Inzwischen haben sich die Schwaden der öffentlichen Aufregung soweit verzogen, dass eine besonnenere Betrachtung Raum greifen kann. Da die Berufung auf die nordischen Länder in der bildungspolitischen Diskussion nach wie vor als Argument dient, ist es an der Zeit, finnische Schulen nicht nur affirmativ, sondern auch kritisch ins Auge zu fassen.

Zunächst noch einmal der Tatbestand: Was war an den finnischen PISA-Ergebnissen so bemerkenswert? Es war nicht nur der erzielte „Weltmeisterpunktwert“: im Lesetest 546 (bei einem OECD-Durchschnitt von 500). Es war darüber hinaus die extrem niedrige Streuung: Standardabweichung 89 (bei OECD-Durchschnitt 100). Die entsprechenden deutschen Werte betragen 484 und 111. Gleichzeitig verläuft der „soziale Gradient“ (der die Korrelation zwischen erzieltem Punktwert und sozialem Hintergrund des Probanden darstellt) für Finnland besonders flach, für Deutschland besonders steil (Abbildung PISA-Studie S.388). Von den finnischen Probanden bleiben nur 2 % unter und nur 5 % auf der Lesekompetenzstufe I (Skala I–V). Diese sogenannte Risikogruppe beträgt also ganze 7 %. In Deutschland lauten die entsprechenden Zahlen 10 % und 12,7 %, in summa 22,7 %!

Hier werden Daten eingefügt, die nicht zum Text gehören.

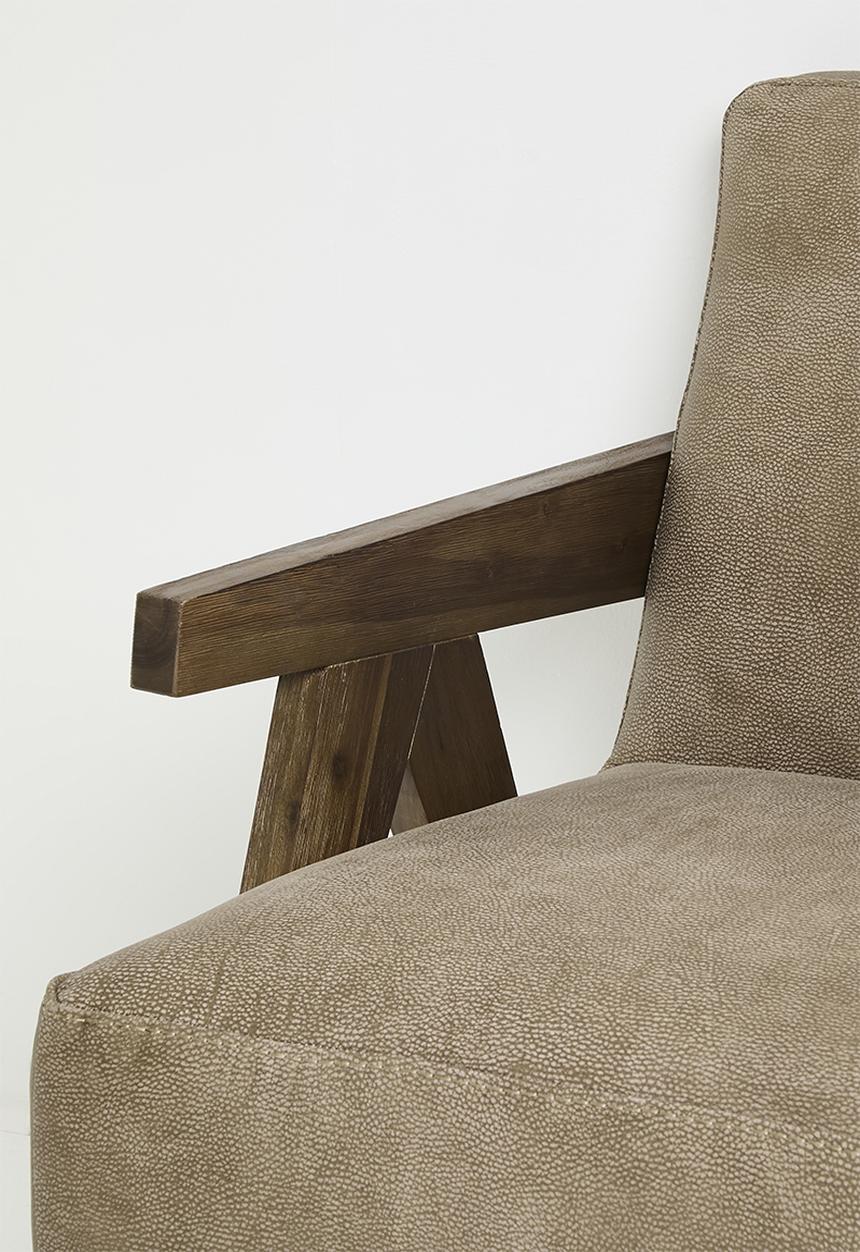 Sixth Floor - Corby genuine leather occasional chair - Walnut Andes stone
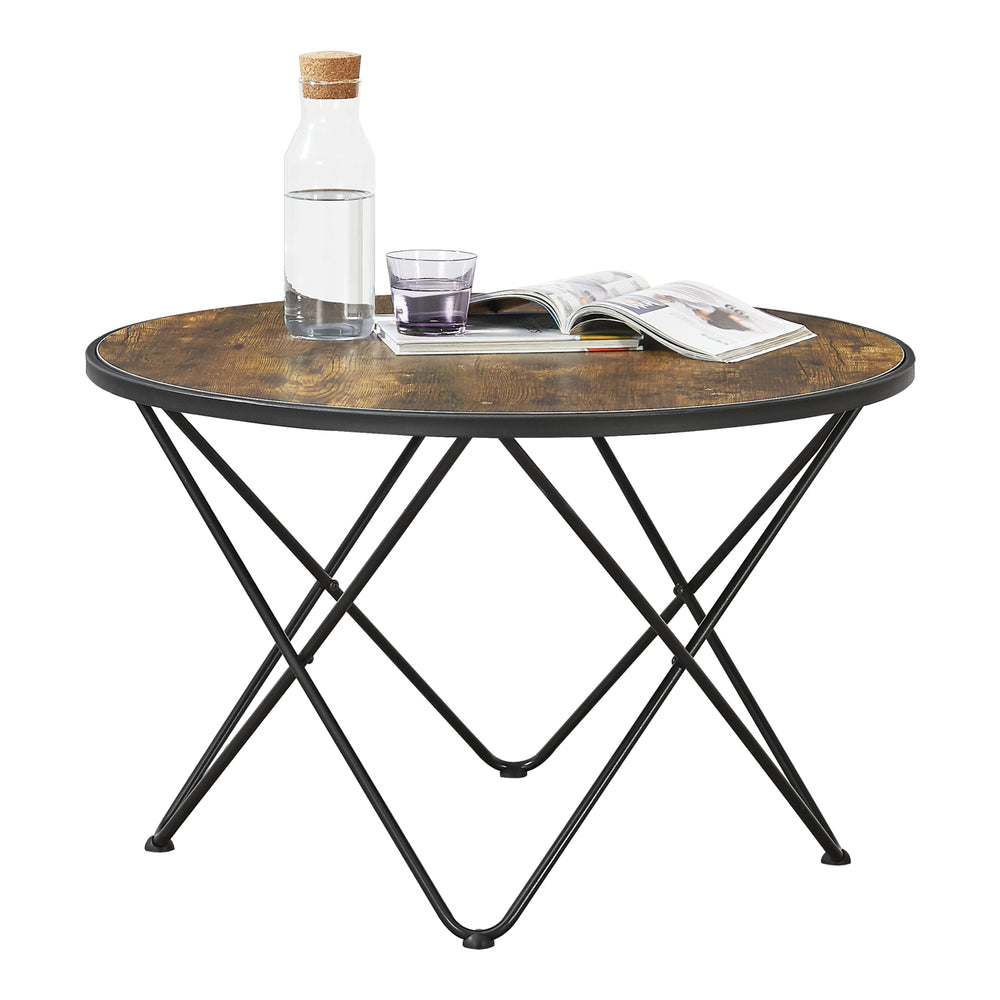Tavolino da salotto Goskamark 80x50 cm struttura in acciaio tonalità legno scuro [en.casa] - premiumXL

Mit wahrhaft staunenswerter Effektivität haben die Finnen also die schwachen Schüler auf das Optimum ihrer Leistungsmöglichkeit gebracht. Die Ausbildung finnischer Lehrkräfte schärft ihnen ein, dass die Qualität ihrer Arbeit daran gemessen werden wird, wie weit es ihnen gelingt, alle „mitzunehmen“, und für die gut 16 % der schwächeren Schüler gibt es obendrein die Speziallehrer. Wie die Finnen die Förderung der Schwachen sichern, habe ich in zahlreichen anderswo erschienenen Beiträgen ausführlich dargelegt.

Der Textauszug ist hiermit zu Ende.